# Class for Scraping Last Saturday's Registrations

In [2]:
import requests
from bs4 import BeautifulSoup
import json
import pandas as pd
from datetime import datetime, timedelta

class WebDataScraper:
    def __init__(self):
        self.saturdays_in_2024 = self.saturdays(2024)
        self.json_data = ""

    # Generate a list of all Saturdays in the year up to the current date.
    @staticmethod
    def saturdays(year : int):
        SAT = 5
        START_MONTH = 1
        START_DAY = 1
        start_date = datetime(year, START_MONTH, START_DAY) # starting on Jan 1
        start_day_of_the_week = start_date.weekday()
        days_until_saturday = SAT - start_day_of_the_week
        if days_until_saturday < 0:
            days_until_saturday += 7
        upcoming_sat = start_date + timedelta(days = days_until_saturday)
        
        saturdays = []
        saturdays.append(start_date.strftime('%m/%d/%Y')) # data starts at jan 1
        current_sat = upcoming_sat
        
        while current_sat < datetime.now():
            saturdays.append(current_sat.strftime('%m/%d/%Y'))
            current_sat += timedelta(weeks=1)

        return saturdays
    
    # Fetch data from the URL for the given Saturday and store the JSON content.
    def fetch_data(self, saturday_date : str):
        url = f'https://vt.ncsbe.gov/RegStat/Results/?date={saturday_date}'
        response = requests.get(url)
        soup = BeautifulSoup(response.content, 'html.parser')
        scripts = soup.find_all('script')

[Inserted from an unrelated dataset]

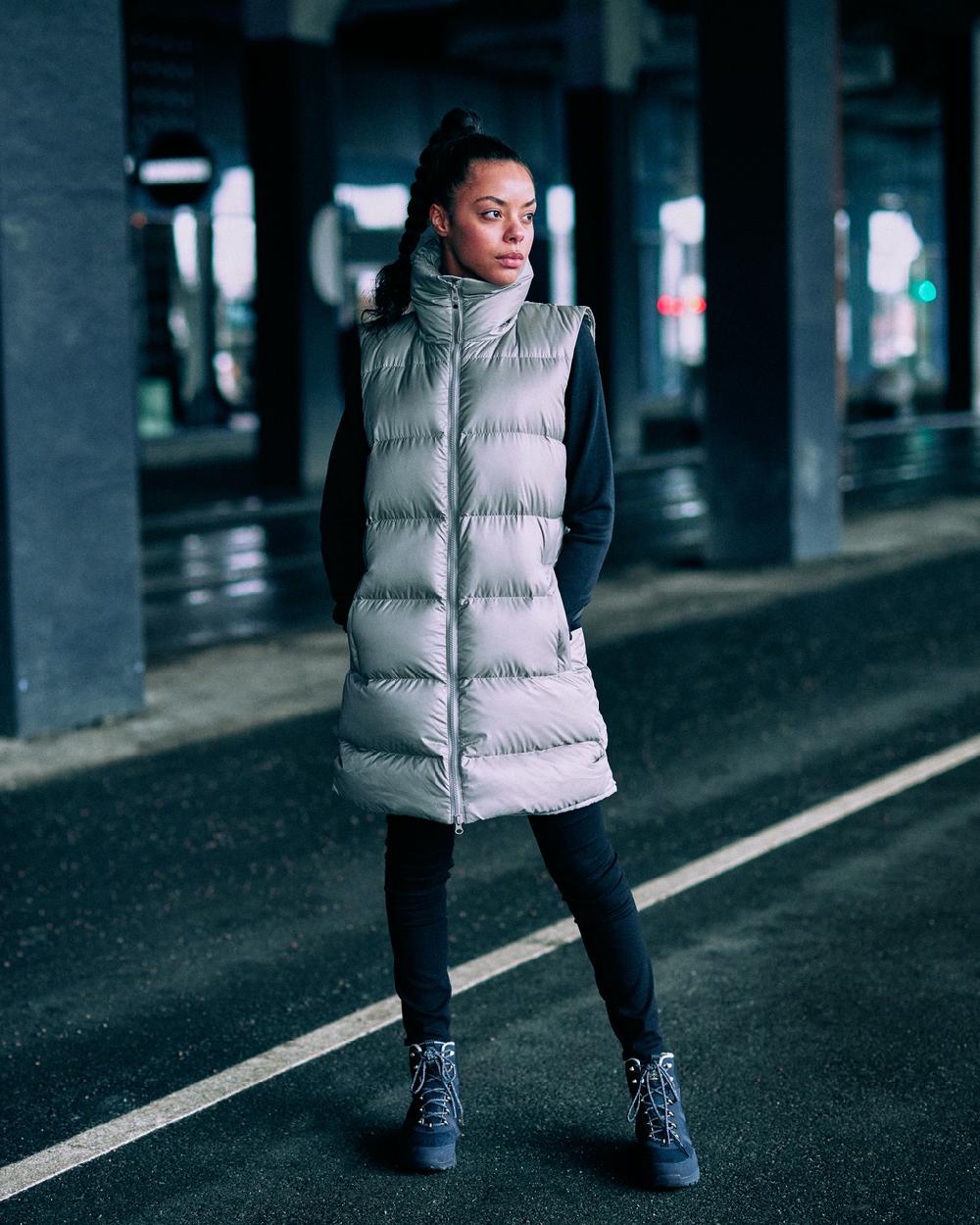 Black Coloured Helly Hansen Womens Lifa Merino Midweight Half-Zip Base Layer on blurry background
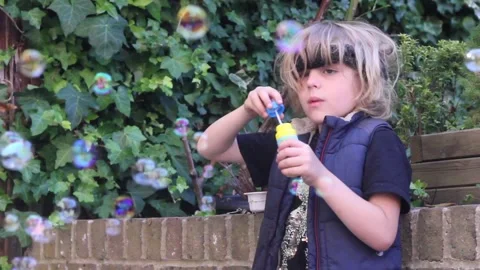 Boy blowing bubbles Stock Footage 137959727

        self.json_data = ""  # Clear previous JSON data

        for script in scripts:
            if script.string and 'SetupGrid' in script.string:
                script_content = script.string
                start_index = script_content.find("var data = ")
                end_index = script_content.find("// initialize the igGrid control")
                if start_index != -1 and end_index != -1:
                    self.json_data = script_content[start_index + len("var data = "):end_index].strip()
                    break

        if self.json_data:
            self.json_data = self.json_data.rstrip(',')
        else:
            raise ValueError("JSON data not found.")
        
    # Parse the JSON data into a DataFrame and add a 'Week Ending' column.
    def parse_json(self, saturday_date : str):
        if not self.json_data:
            raise ValueError("No JSON data to parse.")

        data = json.loads(self.json_data)
        df = pd.DataFrame(data)

        # Drop the 'AppVersion' column
        if 'AppVersion' in df.columns:
            df = df.drop(columns=['AppVersion'])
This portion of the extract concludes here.